Daniel Doubrovkine bio photo

Daniel Doubrovkine

aka dB., @awscloud, former CTO @artsy, +@vestris, NYC

Email Twitter LinkedIn Github Strava
Creative Commons License

You may have noticed some Ruby on Rails posts lately on my blog. That’s because I am working on something. More about it in a few weeks. In the meantime, all you need to know is that it’s an application with a lot of meaningful and interesting data. Without a representative data set the application is useless and with a fake set of data the application would produce confusing results. Imagine that we are building a website for drug manufacturers to search for chemical ingredients of specific drugs – we’d like to be able to find Aspirin in the development environment and see that it’s made of acetylsalicylic acid, carnauba wax, corn starch, hypromellose, powdered cellulose and triacetin. Finding real answers validates our software and enables developers catch bugs early. We want real data, but just not all of it.

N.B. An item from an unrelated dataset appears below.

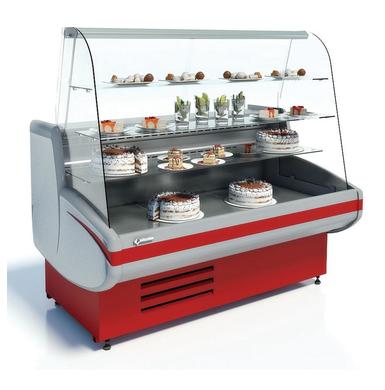 Витрина кондитерская Gamma-2 K БА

I tried mongodump and mongorestore. Those are straightforward tools that let you export and import Mongo data (Mongo people did their job very well there, much less hassle than with a traditional RDBMS where you have to backup the database, deal with the transaction log, bla bla bla). All is well when working with local machines. Remotely, you need to go the extra step of figuring out the database address, username and password. This gets messier with Heroku and eventually starts smelling bad.

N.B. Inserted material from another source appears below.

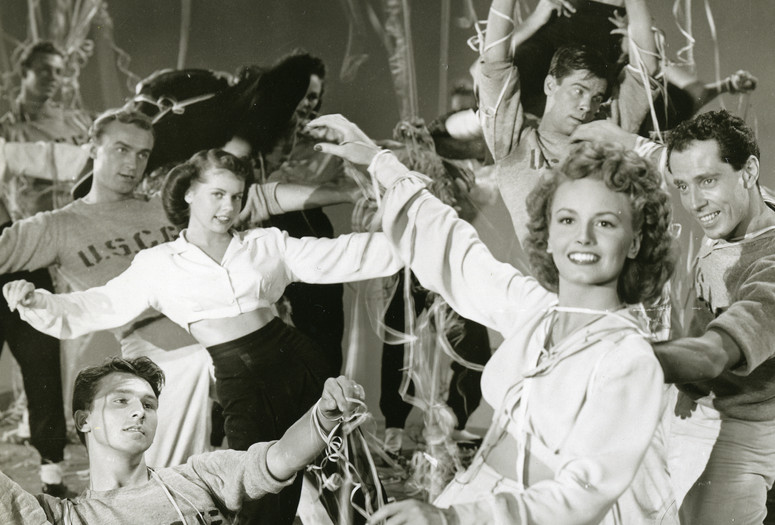 Tars and Spars. 1946. USA. Directed by Alfred E. Green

I want to do this the “Rails Way” by invoking a single rake command that imports and exports Mongo data in any of my environments. The following is based on this post, but we’re doing this with MongoDB and will take it a little further. We’ll put our tasks in lib/tasks/db_import_export.rake.

Exporting Data

Given a set of objects, we can serialize them to a file using JSON. We’ll give the model name and a file as a parameter, fetch all objects and write them to a file in JSON format.

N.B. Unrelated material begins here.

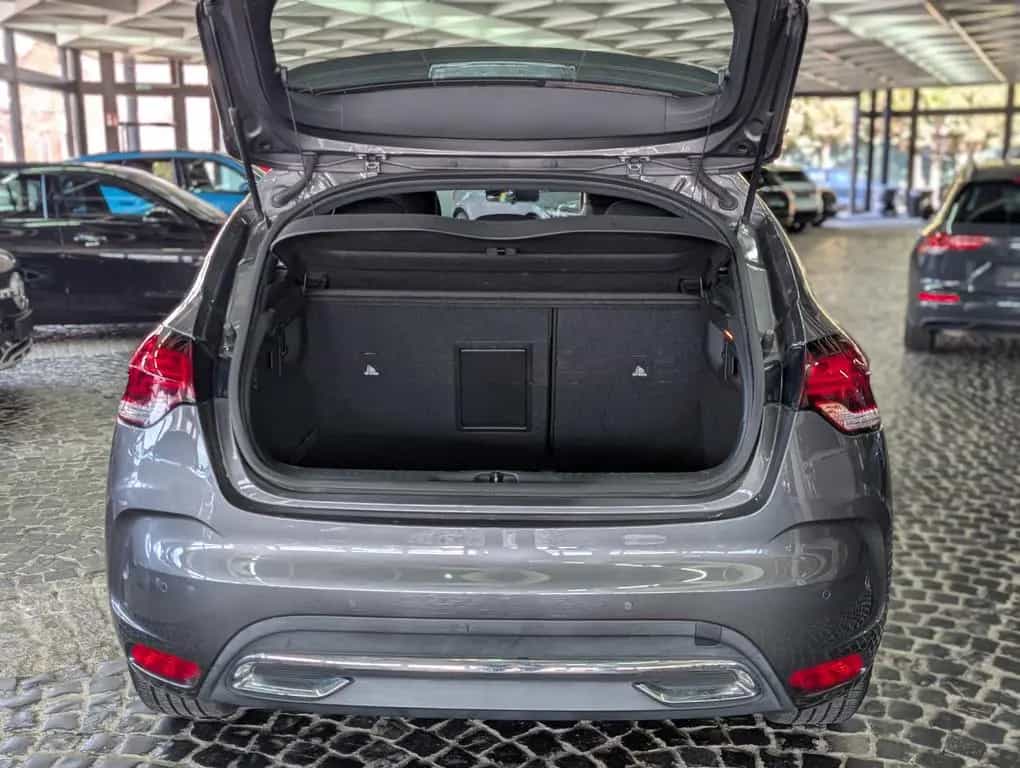 DS Automobiles DS4 1.2 PureTech Basis MFL KAM TEMP SHZ PDC ALU1 12/2015-photo-14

task :export, [:model, :filename] => :environment do |t, args|
  model = args[:model].constantize
  filename = args[:filename]
  objects = model.find(:all)
  File.open(File.join(Rails.root, filename), "w") do |f|
    objects.each do |object|
      f.write(object.to_json)
      f.write("\r\n")
    end
  end
end

Importing Data

Importing data is the inverse operation. We have to clear the model data – I couldn’t figure out how to instantiate an object that exists and resave it with changes [thread].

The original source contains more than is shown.